# Erste Mal Grundmontage: Bisserkennung?



## Seneca (20. Mai 2012)

Ich bin noch seh unerfahren in Sachen Grundangeln. Ich will demnächst in nem kleinen See zum ersten Mal eine Grundmontage ausprobieren. Habe Barsche, aber auch auch Weißfische im Auge 

*Hab mir folgende Montage überlegt:*

Hab ne 0,25er Schnur auf meiner Freilaufrolle drauf, auf die Hauptschnur die zieh ich ein Birnenblei (10g) mit Anti-Tangle, da hinter ein Wirbel und einfach ein 0,16er Vorfach mit 12er Haken und Madenbündel dran.
Ist das soweit OK?*

Nun meine Frage:* 

Durch das Anti-Tangle und das Birnenblei kann der Fisch ja mit dem Köder abziehen ohne dass er einen Widerstand spürt. Aber wie merke ich, dass ein Fisch gebissen hat?
Hab keinen E-Bissanzeiger nur ein altes Aalglöckchen aus der Angelkiste. 
Soll man die Schnur straff ziehen oder anhand des Schnurbogens auf dem Wasser erkennen, dass ein Fisch abzieht?

Hoffe mir kann geholfen werden|wavey:


----------



## antonio (20. Mai 2012)

*AW: Erste Mal Grundmontage: Bisserkennung?*

nimm nen einhängebisanzeiger oder nen kletteraffen als beispiel.

antonio


----------



## Chefkoch85 (20. Mai 2012)

*AW: Erste Mal Grundmontage: Bisserkennung?*

Wenn du eine weiche rute hast kannst Du auch die Spitze beobachten. Wenns wackel dann beists.

Alternativ kannst du dir auch nen gewindering vorne drauf machen lassen und dann mit ner schwingspitze angeln. Sollte nicht viel Kosten und is ne schöne angelei. So hab ich auch angefangen.

Grüßla


----------



## Hechters (20. Mai 2012)

*AW: Erste Mal Grundmontage: Bisserkennung?*

Hallo Seneca,

wirf Deine Grundmontage aus, leg die Rute parallel zum Boden auf zwei Erdspießen ab. Dann öffne leicht die Bremse (falls mal ein Karpfen) das Madenbündel nimmt, und dann ziehe zwischen Rolle und ersten Rutenring die Schnur ein Drittel richtung Boden und häng ein stück gerollte Alufolie in V- Form in die Schnur.
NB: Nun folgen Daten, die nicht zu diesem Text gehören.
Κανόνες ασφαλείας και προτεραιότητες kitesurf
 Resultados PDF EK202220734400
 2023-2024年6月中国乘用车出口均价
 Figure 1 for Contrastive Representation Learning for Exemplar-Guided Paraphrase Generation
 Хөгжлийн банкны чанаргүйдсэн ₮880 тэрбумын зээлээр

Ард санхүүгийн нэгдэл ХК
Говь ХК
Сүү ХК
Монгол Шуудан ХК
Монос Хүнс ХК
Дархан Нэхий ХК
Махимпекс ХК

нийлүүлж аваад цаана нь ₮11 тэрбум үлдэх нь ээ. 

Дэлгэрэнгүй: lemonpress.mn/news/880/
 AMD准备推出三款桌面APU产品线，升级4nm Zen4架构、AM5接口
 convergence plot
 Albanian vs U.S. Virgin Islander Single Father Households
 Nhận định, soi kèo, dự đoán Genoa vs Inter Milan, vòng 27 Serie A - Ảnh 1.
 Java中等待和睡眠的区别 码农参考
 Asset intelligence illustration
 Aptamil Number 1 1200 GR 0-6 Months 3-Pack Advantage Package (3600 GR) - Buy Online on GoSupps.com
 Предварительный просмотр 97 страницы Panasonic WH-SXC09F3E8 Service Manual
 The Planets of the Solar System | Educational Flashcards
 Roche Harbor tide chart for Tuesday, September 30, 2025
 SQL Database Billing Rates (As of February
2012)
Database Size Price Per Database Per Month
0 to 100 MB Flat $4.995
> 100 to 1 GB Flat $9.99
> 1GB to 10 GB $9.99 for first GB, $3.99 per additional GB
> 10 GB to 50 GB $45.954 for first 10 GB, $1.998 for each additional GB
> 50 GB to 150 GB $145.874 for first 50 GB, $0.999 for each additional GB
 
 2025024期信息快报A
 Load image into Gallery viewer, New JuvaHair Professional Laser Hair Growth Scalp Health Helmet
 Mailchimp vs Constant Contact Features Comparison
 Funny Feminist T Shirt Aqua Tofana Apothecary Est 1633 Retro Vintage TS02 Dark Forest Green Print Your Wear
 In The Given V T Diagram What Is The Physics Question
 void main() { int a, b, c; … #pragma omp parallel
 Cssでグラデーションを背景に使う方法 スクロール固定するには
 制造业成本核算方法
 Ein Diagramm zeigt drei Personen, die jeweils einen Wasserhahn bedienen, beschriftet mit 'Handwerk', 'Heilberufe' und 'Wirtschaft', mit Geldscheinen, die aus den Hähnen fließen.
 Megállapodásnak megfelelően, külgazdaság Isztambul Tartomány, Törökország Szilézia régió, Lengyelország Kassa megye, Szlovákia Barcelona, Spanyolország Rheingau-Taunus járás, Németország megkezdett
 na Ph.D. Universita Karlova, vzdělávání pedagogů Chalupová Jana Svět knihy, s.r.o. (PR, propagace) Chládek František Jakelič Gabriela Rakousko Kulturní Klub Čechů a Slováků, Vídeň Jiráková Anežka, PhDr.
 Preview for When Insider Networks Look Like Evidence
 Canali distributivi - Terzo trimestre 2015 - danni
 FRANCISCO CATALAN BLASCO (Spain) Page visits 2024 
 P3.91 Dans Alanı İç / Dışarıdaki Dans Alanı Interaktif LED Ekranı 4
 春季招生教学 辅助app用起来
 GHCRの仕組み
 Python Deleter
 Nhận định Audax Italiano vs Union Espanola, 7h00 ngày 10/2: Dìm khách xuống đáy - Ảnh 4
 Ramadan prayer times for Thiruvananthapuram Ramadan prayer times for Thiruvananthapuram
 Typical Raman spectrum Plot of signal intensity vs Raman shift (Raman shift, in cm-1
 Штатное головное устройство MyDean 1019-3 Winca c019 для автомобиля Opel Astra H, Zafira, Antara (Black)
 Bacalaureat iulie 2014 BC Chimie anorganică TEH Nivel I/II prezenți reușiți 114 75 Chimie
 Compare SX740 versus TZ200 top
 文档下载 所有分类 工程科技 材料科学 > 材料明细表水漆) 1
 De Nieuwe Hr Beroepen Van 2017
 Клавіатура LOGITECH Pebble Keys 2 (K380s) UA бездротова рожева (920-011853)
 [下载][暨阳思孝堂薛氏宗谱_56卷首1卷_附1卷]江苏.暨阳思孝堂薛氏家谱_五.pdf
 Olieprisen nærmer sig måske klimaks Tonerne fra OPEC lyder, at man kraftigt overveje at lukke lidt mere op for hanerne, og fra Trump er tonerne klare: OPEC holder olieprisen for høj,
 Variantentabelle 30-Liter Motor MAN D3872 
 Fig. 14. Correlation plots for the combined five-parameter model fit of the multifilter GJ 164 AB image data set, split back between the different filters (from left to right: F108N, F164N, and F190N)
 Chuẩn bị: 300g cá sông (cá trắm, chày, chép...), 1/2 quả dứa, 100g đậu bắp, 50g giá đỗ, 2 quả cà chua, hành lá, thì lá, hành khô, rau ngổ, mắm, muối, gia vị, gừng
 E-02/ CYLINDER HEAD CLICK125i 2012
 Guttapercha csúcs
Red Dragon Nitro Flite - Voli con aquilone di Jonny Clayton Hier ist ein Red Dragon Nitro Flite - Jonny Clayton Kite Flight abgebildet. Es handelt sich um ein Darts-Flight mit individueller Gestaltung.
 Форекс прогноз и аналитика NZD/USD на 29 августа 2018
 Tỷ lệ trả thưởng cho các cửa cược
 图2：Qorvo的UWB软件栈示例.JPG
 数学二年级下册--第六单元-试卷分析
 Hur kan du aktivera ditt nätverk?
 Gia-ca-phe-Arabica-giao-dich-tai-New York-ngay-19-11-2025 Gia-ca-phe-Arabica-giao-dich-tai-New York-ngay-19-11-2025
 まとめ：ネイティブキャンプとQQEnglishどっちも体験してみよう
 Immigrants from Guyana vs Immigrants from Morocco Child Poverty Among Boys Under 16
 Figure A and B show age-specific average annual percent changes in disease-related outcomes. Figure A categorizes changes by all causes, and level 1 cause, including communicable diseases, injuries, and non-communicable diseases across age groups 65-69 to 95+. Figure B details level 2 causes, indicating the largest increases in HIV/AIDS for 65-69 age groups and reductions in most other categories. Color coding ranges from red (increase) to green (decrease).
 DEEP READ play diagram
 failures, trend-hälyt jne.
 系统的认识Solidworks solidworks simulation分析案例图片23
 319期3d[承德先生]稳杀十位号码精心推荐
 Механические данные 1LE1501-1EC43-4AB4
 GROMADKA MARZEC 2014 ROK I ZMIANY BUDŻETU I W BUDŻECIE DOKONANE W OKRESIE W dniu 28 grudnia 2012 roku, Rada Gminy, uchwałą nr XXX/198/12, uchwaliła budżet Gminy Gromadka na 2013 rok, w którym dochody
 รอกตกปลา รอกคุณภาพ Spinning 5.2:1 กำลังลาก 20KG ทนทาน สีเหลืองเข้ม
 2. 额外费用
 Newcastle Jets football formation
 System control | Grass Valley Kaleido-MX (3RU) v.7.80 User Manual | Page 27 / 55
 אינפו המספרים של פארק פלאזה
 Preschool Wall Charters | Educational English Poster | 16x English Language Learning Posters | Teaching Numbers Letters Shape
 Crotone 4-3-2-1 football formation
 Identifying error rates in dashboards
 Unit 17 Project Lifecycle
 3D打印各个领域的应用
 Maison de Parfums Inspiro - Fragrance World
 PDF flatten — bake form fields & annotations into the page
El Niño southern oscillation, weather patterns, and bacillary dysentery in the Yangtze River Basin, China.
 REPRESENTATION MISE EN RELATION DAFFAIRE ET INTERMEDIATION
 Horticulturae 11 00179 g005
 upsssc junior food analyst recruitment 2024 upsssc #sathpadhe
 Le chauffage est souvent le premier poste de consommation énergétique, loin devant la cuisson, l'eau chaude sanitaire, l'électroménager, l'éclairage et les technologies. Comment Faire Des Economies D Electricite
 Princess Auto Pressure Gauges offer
Z. B.
Beisst ein Fsch und zieht ab, strafft die Schnur. Schwimmt der Fisch nach dem Biss in Deine Richtung, geht die Folie zu Boden.
So hab ich vor 20 Jahren meinen ersten Stör gefangen ;-)

Versuch es mal...

_VG Hechters_


----------



## Seneca (20. Mai 2012)

*AW: Erste Mal Grundmontage: Bisserkennung?*

Vielen Dank für eure praktischen und z.T. ja auch günstigen Tipps:m

Noch ein Frage: Wie lang sollte denn das Vorfach sein?
Benutze vorgefertigte mit 60cm Länge und 0,16er Durchmesser. 60cm erscheint mir ein bisschen lang, oder? Wie würdet ihr kürzen (also Länge zwiwschen Wirbel/Hauptschnur/Blei und Haken) ?


----------



## Gelöschte Mitglieder 136077 (20. Mai 2012)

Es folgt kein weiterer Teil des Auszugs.